I feel a restlessness that I cannot satisfy. I am always going, going, going and I cannot find what my soul is searching for. I want to fill the world with words and love and happy moments, but I don’t know how to do that. I want to absolutely radiate with positive energy and warmth, but I cannot figure out how to do that. That’s not for lack of trying. This weekend I am going to a yoga class and hopefully go ice skating and spend time in meditation and drinking tea and breathing and practicing love, love, love. I have a four-day weekend starting on Friday, because of Martin Luther King, Jr.

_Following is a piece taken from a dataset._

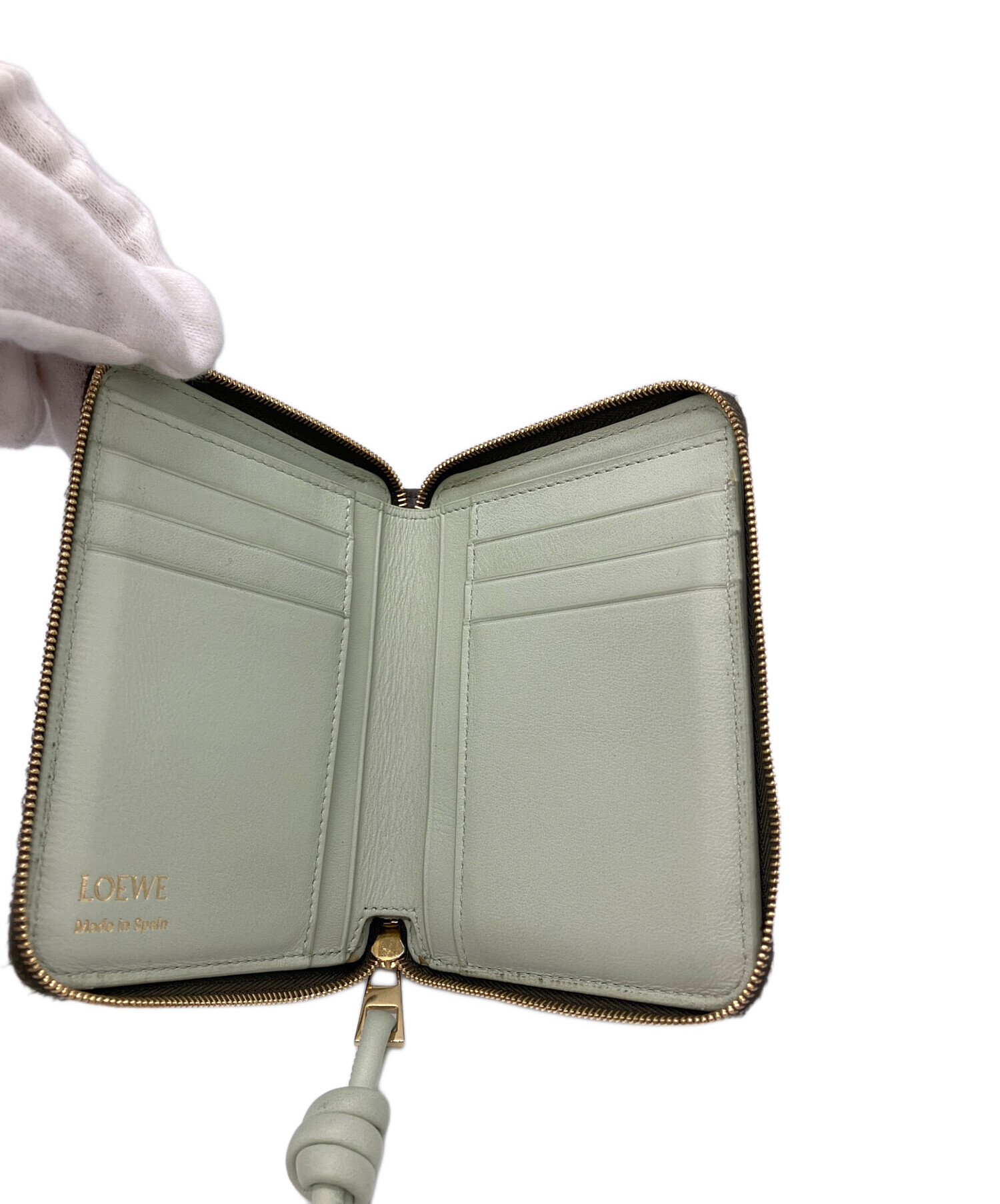 【新品・未使用】LOEWE コンパクトジップウォレット オリーブ 中古・古着通販】LOEWE (ロエベ) ノットコンパクトジップウォレット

I had a tattoo consultation for santo, the Spanish word for holy, which I’d like on my foot. She’s going to do it for almost half of what I thought she would, which makes me happy. I went to the Unitarian Universalist church my mom grew up in, because I thought it would be interesting. As much as I wish it was, it wasn’t. I had a Naked juice that had 1000% of my daily Vitamin C needs. It wasn’t very tasty. I found a new coffee place, and it’s open until 1 am, if I needed a place to be. My boyfriend’s roommate told us about it. My Spotify Discover playlist introduced me to a fantastic new artist. You can find him here. I read Immanuel Kant, and we talked about him in my favorite class, Religious and Moral Psychology. Sometimes he makes my brain hurt, but it feels like I am learning a new language.
Hello, world. I am here, and I am ready for you.